The Senate under the principate discharged administrative functions in regard to religion, the affairs of Italy, and at first of the city itself; but its important control was over the senatorial provinces. In these provinces, however, the princeps had certain powers which resulted from his control of the troops, and again, because of the collection by imperial officers of the revenues which came to the fiscus of the emperor. Since his imperium was maius, all proconsuls were his subordinates and under his direction (Momm. Staatsr. ii. 227). The final result was the entire subordination of authority in the senatorial provinces to that of Caesar. This change is seen in the gradual modification in the relations existing between the princeps and the proconsuls of senatorial provinces. The former at first refused to control such officials of the Senate and people (Tac. Ann. ii. 47; iii. 60; Momm. Staatsr. iii. 1211), but in the latter part of the second century, Caesar, by virtue of his maius imperium, controlled proconsuls, and looked to them to follow his edicts as carefully as any of his own legati Lex de Imperio, 6; Momm. Staatsr. ii. 843). What was true of the provinces was true of the general departments of administration in Italy and in Rome. They were gradually brought under the control of the princeps, so that officers of his own appointment, praefecti and procuratores, were in charge of public works, of the corn supply, and of the viae.

As regards judicial functions, Augustus made the Senate a high court of justice, in which he himself sat, and thus could influence decisions by his vote and by his right of intercessio (Tac. Ann. iii. 12; iv. 34; iii. 70). Although all criminal cases could be brought before this court, only those of the highest importance really fell to its jurisdiction. The emperor also had a private court of his own, before which only cases of political importance seem to have been brought (Suet. Aug. 32). The court of the praetors still existed in Rome and Italy, but the princeps often appointed the praetor and frequently sat at his side as assessor (Dio Cass. liii. 2, 3; Tac. Ann. i. 75). Appeals from senatorial provinces against the judicial decisions of governors were often heard by the princeps on the authority of his maius imperium (Mommsen, Staatsr. ii. 110).

The Senate, by the republican theory, had no direct legislative power, save through the acceptance of senatus consulta by the assembly of the people. Under the principate, however, the senatus consulta, enacted according to the wish of the emperor, became laws. The emperor, however, became the real source of law, for by special acts of the Senate (Verr. ii. 2, 49, 121) he was empowered to found colonies, grant charters, confer the Roman franchise (leges datae) (e. g. the Lex Malacitana, Bruns, Fontes Iuris Romani, vi. 147; C. I. L. ii. 876, 1964); and on his own authority he issued legislative documents (constitutiones), which were entirely of imperial origin. These were either edicta, decreta, rescripta, or epistulae. See Bruns, op. cit. 237 foll.

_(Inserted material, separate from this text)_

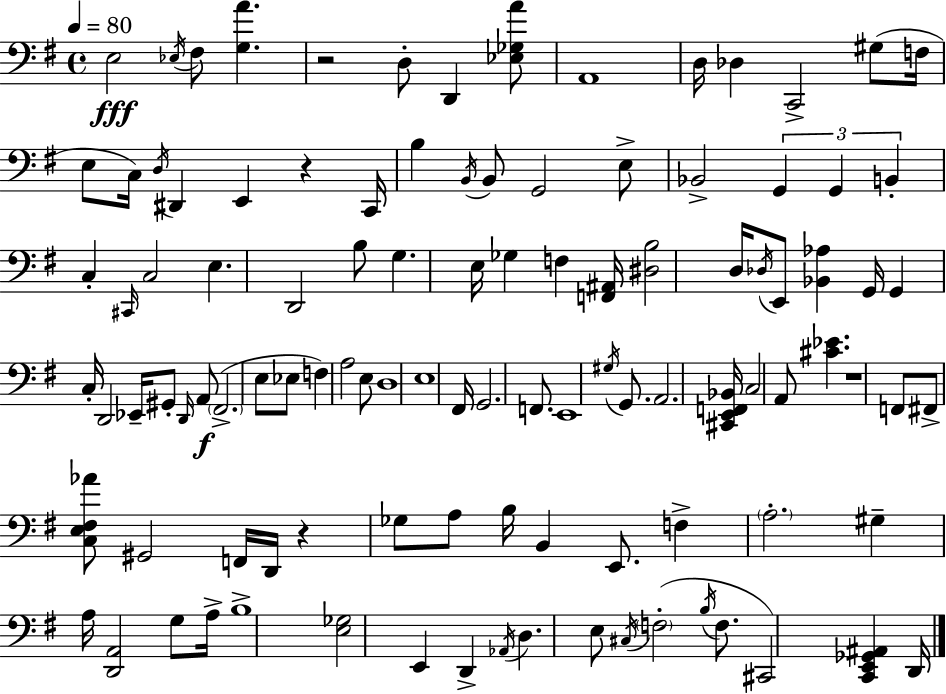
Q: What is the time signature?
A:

The financial affairs of the Empire were divided between the Senate and the princeps. There was a Senate treasury, known as the aerarium, and also the privy purse of the emperor, the fiscus. The latter was drawn upon not merely for the direct expenses of the emperor, but for provincial administration, the support of the army and fleet, and many public expenditures. The collection of taxes in all the provinces was at first farmed out on the old republican principle, but was ultimately conducted by the imperial officials. The coinage of gold and silver belonged at first to the Senate and emperor, but it was finally given exclusively to the emperor, and the coinage of copper was assigned to the Senate.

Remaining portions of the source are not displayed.